En otro orden de cosas, se postula un sistema cercano a los populismos retro-marxistas, que son tildados de progres, aunque destilen polvo de siglos. O se dice lo que hay que destruir sin hablar de la construcción consecuente. Se descubren nidos de corrupción aquí y allá sin descanso. Un inciso: ¿qué misterio habrá en el casi total silencio sobre los ERE de Andalucía, mientras otro partido −el que calla− es vapuleado por las propias miserias? A todo esto, el país está medio parado y Europa espera el desenlace final. Las calificaciones de las agencias acerca de la confianza menguan y la inversión se ralentiza. Luego pagarán los de siempre. ¿Qué pagarán? Doble impuesto para un colegio no estatal −que no usan− y el que han elegido; sufragarán las comidas y viajes de políticos y asesores más o menos camuflados, darán trabajo a montañas de asesores…
Esto es una partecita de la tragedia, porque lo peor llega cuando una ideología no compartida por muchos −aunque sea respetable− se hace de obligado cumplimiento. No sólo en el citado ejemplo de la educación, sino en trueque de costumbres de siempre por otras que innovan hacia lo que no es nuestro, desde la cabalgata de Reyes a los carnavales, pasando por fiestas populares, etc. Pero la gran obsesión, como ha escrito Pablo Salazar, es la religión: unos cuantos han hecho suya la frase de Catón el Viejo: “Cartago delenda est”. Religio delenda est (la religión ha de ser destruida), han traducido. No se pierde ocasión alguna: que el cardenal de Valencia afirma que no es oro todo lo que reluce entre los refugiados, pues que dimita.

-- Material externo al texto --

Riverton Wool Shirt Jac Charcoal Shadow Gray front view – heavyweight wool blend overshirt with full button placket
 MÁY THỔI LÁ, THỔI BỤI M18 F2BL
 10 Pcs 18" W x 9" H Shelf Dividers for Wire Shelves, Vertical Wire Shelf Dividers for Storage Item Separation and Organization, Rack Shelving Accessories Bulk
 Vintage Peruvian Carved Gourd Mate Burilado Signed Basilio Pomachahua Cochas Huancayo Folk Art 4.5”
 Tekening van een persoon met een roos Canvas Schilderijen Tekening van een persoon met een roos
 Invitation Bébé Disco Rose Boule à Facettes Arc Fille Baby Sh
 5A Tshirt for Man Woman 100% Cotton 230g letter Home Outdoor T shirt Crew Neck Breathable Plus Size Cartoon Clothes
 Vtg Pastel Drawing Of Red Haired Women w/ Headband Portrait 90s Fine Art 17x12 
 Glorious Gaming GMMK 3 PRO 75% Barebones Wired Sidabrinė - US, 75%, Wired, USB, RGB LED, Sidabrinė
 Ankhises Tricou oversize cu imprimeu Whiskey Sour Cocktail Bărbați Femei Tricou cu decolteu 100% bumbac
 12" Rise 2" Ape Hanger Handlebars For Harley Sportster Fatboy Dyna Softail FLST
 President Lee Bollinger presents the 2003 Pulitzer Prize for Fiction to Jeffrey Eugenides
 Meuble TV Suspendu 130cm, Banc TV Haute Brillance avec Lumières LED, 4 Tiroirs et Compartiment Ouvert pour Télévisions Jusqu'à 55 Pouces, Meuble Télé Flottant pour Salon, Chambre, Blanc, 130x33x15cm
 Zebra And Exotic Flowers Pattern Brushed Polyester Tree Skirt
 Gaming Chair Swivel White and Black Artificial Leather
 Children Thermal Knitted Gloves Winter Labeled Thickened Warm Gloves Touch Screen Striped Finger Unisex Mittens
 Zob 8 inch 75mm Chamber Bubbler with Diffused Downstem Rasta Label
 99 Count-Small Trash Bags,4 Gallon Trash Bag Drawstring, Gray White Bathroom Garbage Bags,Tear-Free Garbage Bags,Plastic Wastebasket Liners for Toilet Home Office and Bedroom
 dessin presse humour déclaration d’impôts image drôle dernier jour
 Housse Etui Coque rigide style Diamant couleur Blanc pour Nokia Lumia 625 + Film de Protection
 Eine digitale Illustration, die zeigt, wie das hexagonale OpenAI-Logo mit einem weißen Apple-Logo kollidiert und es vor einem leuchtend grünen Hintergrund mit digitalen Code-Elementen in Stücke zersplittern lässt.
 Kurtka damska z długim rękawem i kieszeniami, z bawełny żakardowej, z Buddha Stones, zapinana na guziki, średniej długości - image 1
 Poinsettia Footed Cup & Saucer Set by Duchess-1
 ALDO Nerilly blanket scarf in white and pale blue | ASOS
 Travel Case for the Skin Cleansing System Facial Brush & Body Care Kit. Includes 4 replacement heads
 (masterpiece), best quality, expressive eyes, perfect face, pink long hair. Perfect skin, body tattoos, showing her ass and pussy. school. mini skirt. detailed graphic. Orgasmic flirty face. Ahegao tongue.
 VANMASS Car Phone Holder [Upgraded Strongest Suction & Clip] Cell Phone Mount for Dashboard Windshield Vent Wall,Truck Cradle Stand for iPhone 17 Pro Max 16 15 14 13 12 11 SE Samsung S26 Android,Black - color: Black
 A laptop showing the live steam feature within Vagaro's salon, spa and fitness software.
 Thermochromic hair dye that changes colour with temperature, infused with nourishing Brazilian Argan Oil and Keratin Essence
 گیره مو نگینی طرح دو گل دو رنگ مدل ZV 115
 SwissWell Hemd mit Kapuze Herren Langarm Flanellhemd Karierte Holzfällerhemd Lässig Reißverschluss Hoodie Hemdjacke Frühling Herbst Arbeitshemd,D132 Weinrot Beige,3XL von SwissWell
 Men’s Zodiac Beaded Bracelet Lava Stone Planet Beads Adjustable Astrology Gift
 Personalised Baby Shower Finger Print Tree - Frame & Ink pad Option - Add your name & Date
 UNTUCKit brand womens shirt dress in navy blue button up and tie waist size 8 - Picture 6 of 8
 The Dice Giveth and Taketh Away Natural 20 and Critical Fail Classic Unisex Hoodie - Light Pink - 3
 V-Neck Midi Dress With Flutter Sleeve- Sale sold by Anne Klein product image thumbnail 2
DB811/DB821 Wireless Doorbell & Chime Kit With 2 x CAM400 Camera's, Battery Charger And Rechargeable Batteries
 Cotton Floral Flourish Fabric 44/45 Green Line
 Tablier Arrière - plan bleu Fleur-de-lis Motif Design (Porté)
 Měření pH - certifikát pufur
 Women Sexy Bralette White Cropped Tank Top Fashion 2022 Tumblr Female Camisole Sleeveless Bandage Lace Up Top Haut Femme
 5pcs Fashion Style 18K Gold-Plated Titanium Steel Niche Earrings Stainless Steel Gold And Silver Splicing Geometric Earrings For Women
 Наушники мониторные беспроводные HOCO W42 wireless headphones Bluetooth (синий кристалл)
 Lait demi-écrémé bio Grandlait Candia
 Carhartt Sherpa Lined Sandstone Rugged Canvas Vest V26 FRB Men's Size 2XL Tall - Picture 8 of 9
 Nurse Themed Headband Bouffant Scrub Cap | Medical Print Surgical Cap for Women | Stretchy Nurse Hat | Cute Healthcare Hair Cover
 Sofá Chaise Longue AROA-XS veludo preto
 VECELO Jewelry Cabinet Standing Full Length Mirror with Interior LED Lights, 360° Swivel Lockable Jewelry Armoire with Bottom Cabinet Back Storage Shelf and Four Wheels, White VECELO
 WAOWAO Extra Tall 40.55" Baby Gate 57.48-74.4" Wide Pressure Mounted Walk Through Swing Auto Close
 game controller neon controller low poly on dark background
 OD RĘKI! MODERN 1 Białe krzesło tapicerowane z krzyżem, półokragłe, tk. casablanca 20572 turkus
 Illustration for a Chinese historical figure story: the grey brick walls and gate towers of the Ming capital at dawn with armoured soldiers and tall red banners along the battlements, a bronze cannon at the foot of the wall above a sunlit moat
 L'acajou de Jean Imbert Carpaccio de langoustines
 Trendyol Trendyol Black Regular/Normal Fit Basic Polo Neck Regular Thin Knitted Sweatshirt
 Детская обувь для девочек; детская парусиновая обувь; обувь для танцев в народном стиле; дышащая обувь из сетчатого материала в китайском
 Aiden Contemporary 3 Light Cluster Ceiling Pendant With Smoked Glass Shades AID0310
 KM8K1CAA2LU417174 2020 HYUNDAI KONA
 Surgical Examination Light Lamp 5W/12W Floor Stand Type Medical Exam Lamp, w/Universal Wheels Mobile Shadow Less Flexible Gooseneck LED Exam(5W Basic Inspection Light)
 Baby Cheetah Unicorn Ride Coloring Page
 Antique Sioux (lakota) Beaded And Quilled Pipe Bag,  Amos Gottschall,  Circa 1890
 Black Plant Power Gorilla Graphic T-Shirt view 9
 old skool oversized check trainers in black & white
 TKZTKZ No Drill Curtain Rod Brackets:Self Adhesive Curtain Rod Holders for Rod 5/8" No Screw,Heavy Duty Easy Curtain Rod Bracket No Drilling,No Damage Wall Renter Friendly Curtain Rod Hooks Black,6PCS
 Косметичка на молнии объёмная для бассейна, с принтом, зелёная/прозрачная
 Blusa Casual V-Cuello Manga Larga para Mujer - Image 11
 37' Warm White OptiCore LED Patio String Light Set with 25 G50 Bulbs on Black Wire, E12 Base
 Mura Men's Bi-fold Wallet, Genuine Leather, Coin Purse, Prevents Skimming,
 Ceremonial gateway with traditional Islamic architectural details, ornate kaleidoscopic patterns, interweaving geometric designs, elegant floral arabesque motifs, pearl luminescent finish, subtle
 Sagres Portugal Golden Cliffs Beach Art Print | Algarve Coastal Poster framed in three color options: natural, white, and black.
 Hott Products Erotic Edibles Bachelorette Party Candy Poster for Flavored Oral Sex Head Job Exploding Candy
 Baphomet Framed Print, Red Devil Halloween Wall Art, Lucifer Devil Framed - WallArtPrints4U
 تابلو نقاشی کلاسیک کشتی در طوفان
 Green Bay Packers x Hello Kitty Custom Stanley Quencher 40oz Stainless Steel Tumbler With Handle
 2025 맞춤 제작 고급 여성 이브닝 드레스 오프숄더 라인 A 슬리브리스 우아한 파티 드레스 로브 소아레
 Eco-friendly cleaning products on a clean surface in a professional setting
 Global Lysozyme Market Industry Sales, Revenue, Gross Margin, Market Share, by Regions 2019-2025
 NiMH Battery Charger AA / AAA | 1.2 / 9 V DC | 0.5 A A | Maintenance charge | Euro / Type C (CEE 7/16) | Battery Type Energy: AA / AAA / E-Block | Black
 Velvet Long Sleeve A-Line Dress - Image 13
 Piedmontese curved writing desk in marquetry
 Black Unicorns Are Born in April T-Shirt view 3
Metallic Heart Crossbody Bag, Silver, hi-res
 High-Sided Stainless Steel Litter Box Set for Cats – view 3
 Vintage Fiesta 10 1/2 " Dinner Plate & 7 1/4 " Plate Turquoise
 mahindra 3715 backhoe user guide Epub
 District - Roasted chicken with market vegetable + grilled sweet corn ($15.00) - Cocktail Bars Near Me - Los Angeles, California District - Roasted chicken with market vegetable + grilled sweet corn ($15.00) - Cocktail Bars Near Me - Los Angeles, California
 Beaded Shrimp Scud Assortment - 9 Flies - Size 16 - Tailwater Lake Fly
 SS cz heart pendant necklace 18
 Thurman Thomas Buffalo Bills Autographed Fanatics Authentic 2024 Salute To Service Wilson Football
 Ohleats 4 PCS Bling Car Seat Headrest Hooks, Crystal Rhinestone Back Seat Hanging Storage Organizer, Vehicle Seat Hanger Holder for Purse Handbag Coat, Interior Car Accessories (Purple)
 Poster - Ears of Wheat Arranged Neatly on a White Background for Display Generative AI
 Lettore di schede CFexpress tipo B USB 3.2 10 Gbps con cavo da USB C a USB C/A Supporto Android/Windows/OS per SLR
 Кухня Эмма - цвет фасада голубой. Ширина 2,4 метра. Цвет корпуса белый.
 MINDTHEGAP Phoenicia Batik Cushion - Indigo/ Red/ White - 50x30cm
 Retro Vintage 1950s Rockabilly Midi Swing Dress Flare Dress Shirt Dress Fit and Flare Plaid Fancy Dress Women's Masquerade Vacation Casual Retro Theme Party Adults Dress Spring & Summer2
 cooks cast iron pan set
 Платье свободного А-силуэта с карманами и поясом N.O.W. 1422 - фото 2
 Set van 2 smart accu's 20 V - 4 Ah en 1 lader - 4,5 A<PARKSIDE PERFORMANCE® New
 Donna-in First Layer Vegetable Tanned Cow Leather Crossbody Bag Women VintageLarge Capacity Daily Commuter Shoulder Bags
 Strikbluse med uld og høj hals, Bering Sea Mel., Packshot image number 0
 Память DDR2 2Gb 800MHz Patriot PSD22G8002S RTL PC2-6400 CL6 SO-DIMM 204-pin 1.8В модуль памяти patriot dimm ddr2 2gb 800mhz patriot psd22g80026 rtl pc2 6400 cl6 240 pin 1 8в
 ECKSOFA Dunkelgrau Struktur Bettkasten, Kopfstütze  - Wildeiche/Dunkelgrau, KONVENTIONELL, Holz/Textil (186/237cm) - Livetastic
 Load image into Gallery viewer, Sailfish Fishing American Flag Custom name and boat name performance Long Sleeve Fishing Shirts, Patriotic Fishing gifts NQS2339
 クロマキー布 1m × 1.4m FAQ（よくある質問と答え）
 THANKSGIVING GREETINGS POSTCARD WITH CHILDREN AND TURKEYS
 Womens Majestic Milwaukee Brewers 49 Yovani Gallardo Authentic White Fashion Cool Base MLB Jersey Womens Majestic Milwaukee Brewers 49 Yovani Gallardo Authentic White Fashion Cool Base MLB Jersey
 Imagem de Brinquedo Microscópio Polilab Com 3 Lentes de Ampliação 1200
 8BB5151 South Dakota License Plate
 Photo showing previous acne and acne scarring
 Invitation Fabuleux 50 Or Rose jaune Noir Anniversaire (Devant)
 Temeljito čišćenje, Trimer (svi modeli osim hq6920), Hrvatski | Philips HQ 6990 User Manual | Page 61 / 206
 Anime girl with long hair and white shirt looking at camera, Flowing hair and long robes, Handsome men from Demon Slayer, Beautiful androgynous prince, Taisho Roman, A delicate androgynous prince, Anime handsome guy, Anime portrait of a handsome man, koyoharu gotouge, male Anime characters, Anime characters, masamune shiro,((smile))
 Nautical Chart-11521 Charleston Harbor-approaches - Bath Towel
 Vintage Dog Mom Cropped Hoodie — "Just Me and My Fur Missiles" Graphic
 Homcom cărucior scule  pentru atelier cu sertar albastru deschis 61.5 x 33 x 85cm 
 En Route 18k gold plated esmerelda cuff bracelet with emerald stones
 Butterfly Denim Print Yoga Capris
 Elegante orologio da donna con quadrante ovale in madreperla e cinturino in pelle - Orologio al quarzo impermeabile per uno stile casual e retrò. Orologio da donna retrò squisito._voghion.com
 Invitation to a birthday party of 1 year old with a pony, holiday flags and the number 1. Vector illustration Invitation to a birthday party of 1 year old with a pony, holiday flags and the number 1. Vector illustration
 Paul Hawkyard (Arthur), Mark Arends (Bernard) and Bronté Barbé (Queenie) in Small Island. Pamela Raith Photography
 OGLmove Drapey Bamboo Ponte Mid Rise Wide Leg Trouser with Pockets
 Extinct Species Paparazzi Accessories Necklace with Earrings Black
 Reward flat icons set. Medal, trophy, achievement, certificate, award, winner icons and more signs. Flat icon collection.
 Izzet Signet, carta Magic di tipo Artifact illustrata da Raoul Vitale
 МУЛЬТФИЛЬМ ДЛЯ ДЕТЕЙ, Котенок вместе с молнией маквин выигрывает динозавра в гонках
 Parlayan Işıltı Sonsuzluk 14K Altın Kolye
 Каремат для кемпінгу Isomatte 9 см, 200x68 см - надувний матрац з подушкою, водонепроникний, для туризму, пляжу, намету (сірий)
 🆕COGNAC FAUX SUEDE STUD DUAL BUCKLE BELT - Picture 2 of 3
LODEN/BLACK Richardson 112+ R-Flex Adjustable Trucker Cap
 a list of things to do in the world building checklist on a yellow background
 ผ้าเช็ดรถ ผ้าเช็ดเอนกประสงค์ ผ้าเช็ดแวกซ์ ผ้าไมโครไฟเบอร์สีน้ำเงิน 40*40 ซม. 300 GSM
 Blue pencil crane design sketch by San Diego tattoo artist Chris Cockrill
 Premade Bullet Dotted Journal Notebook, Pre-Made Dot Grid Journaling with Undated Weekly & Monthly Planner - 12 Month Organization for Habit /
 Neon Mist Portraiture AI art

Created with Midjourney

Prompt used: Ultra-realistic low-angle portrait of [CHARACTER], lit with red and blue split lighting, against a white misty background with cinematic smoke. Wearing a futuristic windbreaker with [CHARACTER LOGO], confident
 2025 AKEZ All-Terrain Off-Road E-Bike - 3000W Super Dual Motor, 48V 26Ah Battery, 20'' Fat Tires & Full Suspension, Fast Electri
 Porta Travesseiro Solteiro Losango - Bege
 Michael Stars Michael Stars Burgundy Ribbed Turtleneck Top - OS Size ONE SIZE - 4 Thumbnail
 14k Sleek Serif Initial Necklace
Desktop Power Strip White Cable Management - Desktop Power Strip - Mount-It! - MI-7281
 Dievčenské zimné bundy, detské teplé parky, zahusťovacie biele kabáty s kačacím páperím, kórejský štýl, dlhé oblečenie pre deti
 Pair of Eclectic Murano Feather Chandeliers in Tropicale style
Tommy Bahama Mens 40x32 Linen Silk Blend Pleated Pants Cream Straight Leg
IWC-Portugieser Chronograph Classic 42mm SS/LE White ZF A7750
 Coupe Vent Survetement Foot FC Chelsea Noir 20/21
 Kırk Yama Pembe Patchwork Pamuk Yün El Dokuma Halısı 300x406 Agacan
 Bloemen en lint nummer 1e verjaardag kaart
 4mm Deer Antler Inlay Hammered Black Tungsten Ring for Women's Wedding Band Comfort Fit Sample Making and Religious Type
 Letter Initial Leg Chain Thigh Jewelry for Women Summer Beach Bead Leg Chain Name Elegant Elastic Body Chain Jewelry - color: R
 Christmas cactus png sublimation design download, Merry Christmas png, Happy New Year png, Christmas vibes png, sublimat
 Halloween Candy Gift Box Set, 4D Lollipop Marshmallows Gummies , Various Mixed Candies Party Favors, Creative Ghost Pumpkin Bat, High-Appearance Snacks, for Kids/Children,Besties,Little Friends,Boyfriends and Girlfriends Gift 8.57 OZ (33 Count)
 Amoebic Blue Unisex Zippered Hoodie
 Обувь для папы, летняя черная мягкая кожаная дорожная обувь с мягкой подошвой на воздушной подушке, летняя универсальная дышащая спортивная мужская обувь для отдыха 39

Cuando se ve el oropel, nadie rectifica. Ya atizó la yesca y basta.
Que la inefable alcaldesa de Barcelona organiza unas justas poéticas, pues sean contra Dios y contra nuestra Madre. He leído una carta al director de un periódico en la que el autor pregunta a Colau cuándo puede acudir a insultar en público a la madre de esta alcaldesa. Que una chiquita con cargo en Madrid participó indecorosamente en el asalto a una capilla universitaria, pues es libertad de expresión. Que ETA es un movimiento político, pues sea. Que no se pone un símbolo religioso en el Ayuntamiento durante la Navidad con la excusa de que no todos los madrileños son católicos, pues a colocar la bandera arcoíris aunque no todos los ciudadanos de Madrid se identifiquen con lo que representa. Que los niños pasan continuamente por delante de una exposición de genitales, pues  nada sucede.
La consecuencia inmediata del debilitamiento de la religión es la pérdida de la moralidad. Como escribió Ratzinger, “allá donde la moralidad y la religión son arrojadas al ámbito exclusivamente privado, faltan las fuerzas que puedan formar una comunidad y mantenerla unida”. El estado ha cuidado mal la moralidad porque  su misión no es tutelar valores que afectan a lo más íntimo de la persona. Solo los totalitarios lo intentan. Las únicas instituciones a las que corresponde cuidar la vida entera del ser humano son la familia y las instituciones religiosas. Esto no se entiende desde una óptica laicista, que tachan a las religiones de intolerantes (sólo a las que no lo son) cuando son agentes de perdón y de paz, de solidaridad y servicio.
Estoy finalizando y no he escrito que el motor de lo expresado aquí ha sido un mensaje de un amigo, que no quiere conformarse con la inacción, para que no suceda aquello de que algunos viven del silencio de los buenos. También lo preguntan en las redes sociales. Y tienen razón, porque hemos de actuar llenos de paciencia y comprensión, pero haciendo cada uno lo que esté en su mano para evitar que todo sea tragedia.